Il rigetto delle circostanze attenuanti generiche e’ fondato su motivazione esente da manifesta illogicita’ che, pertanto, e’ insindacabile in cassazione (Cass., Sez. 6, n. 42688 del 24/9/2008, Rv. 242419) dovendosi ribadire il principio affermato da questa Corte secondo cui non e’ necessario che il giudice di merito, nel motivare il diniego della concessione delle attenuanti generiche, prenda in considerazione tutti gli elementi favorevoli o sfavorevoli dedotti dalle parti o rilevabili dagli atti, ma e’ sufficiente che egli faccia riferimento a quelli ritenuti decisivi o comunque rilevanti, rimanendo disattesi o superati tutti gli altri da tale valutazione (Sez. 2, n. 3609 del 18/1/2011, Sermone, Rv. 249163; Sez. 6, n. 34364 del 16/6/2010, Giovane, Rv. 248244).
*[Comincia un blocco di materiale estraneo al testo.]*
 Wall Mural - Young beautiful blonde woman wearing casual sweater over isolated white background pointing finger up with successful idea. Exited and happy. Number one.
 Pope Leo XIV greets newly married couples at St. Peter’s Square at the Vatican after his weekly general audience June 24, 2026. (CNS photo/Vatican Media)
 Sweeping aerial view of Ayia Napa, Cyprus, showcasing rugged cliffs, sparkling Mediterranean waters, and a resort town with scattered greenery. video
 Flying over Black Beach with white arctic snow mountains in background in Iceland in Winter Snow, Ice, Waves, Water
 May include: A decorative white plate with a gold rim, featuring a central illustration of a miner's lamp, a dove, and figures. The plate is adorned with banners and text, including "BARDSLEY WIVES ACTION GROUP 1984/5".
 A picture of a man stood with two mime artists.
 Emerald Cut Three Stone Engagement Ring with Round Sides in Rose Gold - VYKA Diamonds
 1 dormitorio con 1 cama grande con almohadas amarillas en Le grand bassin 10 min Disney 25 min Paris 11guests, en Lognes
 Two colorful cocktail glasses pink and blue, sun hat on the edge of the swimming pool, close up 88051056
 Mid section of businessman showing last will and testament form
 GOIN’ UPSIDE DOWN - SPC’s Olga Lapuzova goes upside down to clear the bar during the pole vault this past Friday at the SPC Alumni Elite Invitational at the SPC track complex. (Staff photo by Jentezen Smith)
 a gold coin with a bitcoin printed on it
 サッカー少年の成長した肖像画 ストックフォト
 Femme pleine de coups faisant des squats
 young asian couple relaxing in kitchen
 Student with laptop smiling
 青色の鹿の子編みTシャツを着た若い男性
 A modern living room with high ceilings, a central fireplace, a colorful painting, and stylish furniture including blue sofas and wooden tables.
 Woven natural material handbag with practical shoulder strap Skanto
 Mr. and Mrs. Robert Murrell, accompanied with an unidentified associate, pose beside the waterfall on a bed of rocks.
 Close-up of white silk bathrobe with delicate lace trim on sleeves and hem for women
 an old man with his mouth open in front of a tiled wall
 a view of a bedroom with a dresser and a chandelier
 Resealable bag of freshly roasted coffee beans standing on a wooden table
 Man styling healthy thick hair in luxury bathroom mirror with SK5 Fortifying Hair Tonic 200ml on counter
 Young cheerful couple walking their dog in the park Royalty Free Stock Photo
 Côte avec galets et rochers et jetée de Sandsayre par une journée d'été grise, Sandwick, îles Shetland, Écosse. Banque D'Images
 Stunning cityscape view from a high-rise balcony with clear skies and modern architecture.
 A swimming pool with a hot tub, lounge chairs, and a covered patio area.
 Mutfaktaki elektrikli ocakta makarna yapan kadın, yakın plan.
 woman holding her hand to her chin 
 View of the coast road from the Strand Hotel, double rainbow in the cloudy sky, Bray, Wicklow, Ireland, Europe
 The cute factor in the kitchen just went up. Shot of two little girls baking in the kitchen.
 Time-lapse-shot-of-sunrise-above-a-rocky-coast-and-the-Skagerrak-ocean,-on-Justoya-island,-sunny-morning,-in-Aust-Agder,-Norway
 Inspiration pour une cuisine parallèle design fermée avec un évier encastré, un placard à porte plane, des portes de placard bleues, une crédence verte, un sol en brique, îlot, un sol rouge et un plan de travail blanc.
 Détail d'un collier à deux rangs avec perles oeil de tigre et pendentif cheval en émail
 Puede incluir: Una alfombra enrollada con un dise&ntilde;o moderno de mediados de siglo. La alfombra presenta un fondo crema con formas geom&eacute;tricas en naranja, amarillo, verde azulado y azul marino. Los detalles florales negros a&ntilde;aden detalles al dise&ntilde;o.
Questa Corte (per tutte, Sez. 6, sentenza n. 2642 del 14 gennaio 1999, CED Cass. n. 212804) ha in piu’ occasioni chiarito che le circostanze attenuanti generiche non possono essere intese come oggetto di benevola e discrezionale “concessione” del giudice, ma come il riconoscimento di situazioni non contemplate specificamente, non comprese cioe’ tra le circostanze da valutare ai sensi dell’articolo 133 c.p., che presentano tuttavia connotazioni tanto rilevanti e speciali da esigere una piu’ incisiva, particolare, considerazione ai fini della quantificazione della pena. A questo orientamento si e’ correttamente conformata la Corte di appello valorizzando, ai fini del diniego, l’assenza di congrui profili di meritevolezza. La relativa motivazione, fondata su argomentazioni esaurienti, logiche e non contraddittorie, risulta, pertanto, esente da vizi rilevabili in questa sede.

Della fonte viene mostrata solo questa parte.